Grafana dashboard with PostgreSQL solution in Grafana Cloud — The PostgreSQL overview dashboard, powered by the PostgreSQL solution for Grafana Cloud, shows periodic spikes and drops in active connections.

Next, let’s examine the data for the Product Catalog service, which is upstream from the PostgreSQL database. We already know from the assertions that this service is crash looping and that the List Products endpoint is returning errors, but what’s the underlying cause? Opening the KPI drawer for the Product Catalog service reveals a set of relevant dashboards for this entity. The Application observability dashboard, powered by Grafana Cloud Application Observability, confirms that both errors and response durations are spiking for this service.

Application Observability and Asserts dashboard in Grafana Cloud — The Application Observability dashboard, powered by Grafana Cloud Application Observability, confirms errors and durations are spiking for the product catalog service.

The Kubernetes dashboard, powered by Grafana Cloud Kubernetes Monitoring, provides a comprehensive overview of the performance of the Kubernetes workload. It quickly rules out Out of Memory (OOM) issues, confirming that the workload is not exceeding its memory limits.

Kubernetes Monitoring dashboard in Grafana Cloud with Asserts — The Kubernetes dashboard, powered by Grafana Cloud Kubernetes Monitoring, confirms the workload is not exceeding its memory limits.

Next, let’s examine the service logs for further investigation.
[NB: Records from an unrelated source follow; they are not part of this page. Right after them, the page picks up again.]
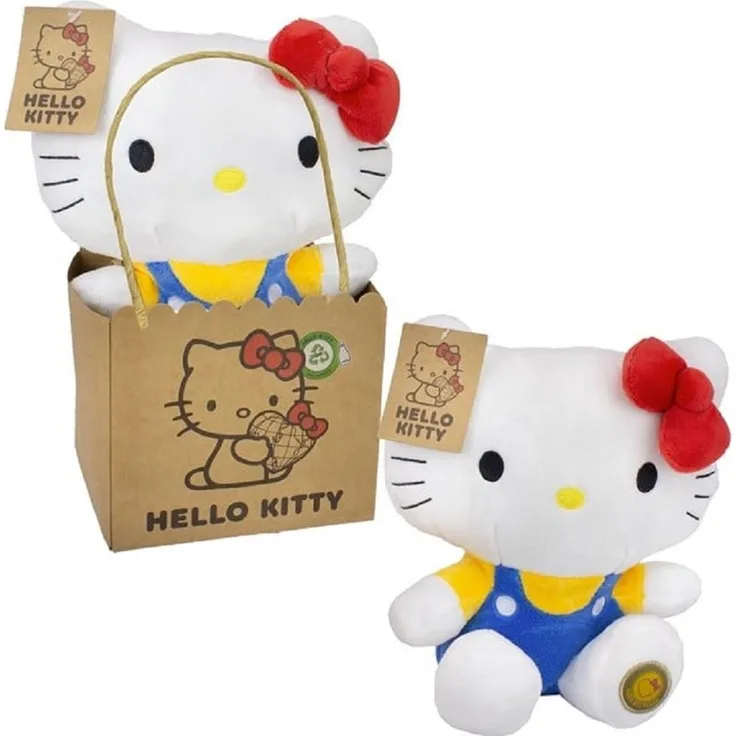 SANRIO Hello Kitty Plüschfigur 27 cm, gelbes Outfit mit Schleife, geeignet ab 3 Jahren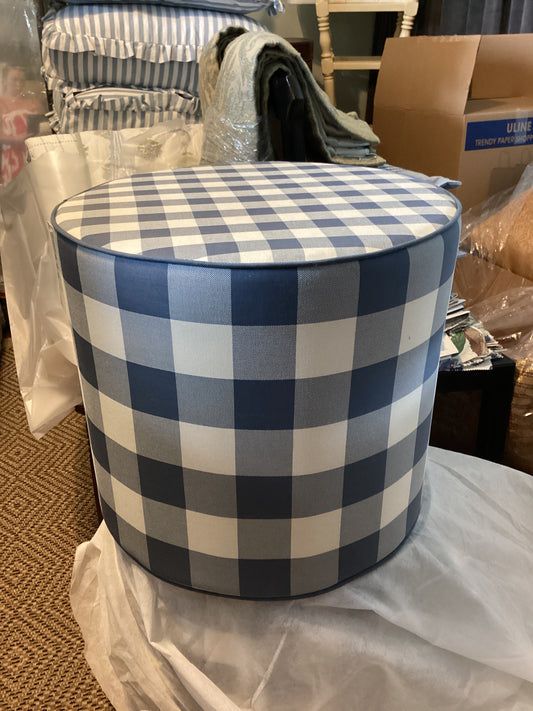 Blue and White Outdoor Pouf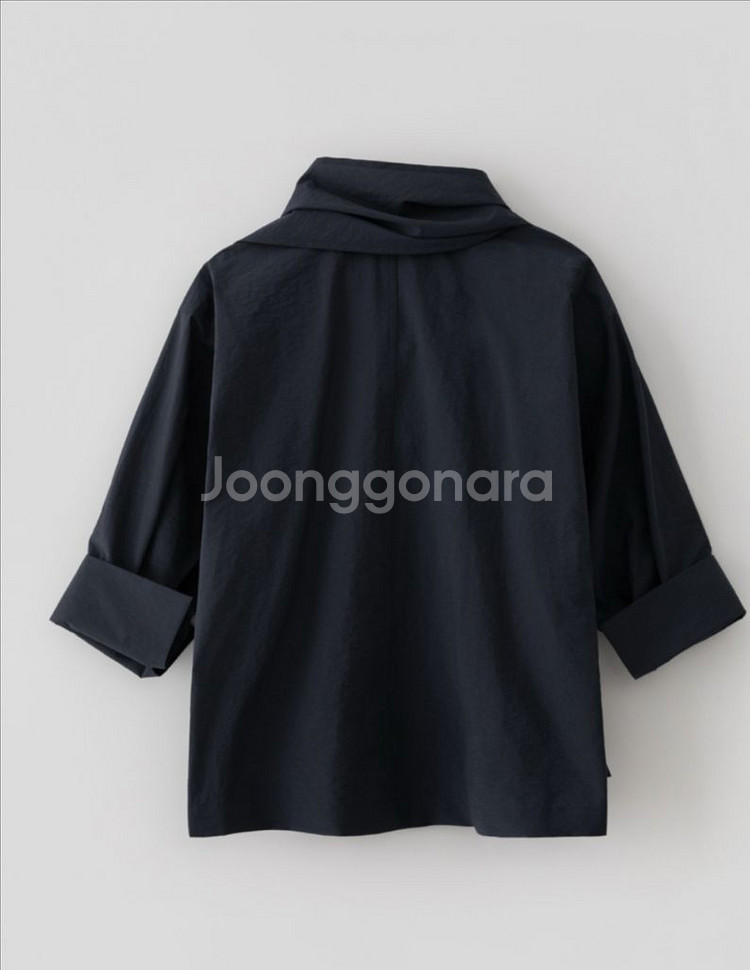 RRACE 레이스 타이 블라우스 네이비 FREE--12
The log message clearly indicates a null pointer exception, which is causing the service to crash loop. This, in turn, is leading to the periodic spiking and dropping of connections to the downstream PostgreSQL database.

Log lines for example product service using Asserts and Grafana Cloud — The logs for the product catalog service indicate a null pointer exception.

We can further validate this relationship by comparing the PostgresSQLHighConnections and KubePodCrashLooping assertions within the RCA workbench.

RCA Workbench in Grafana Cloud — You can expand the assertions within the RCA workbench to track their changes over time.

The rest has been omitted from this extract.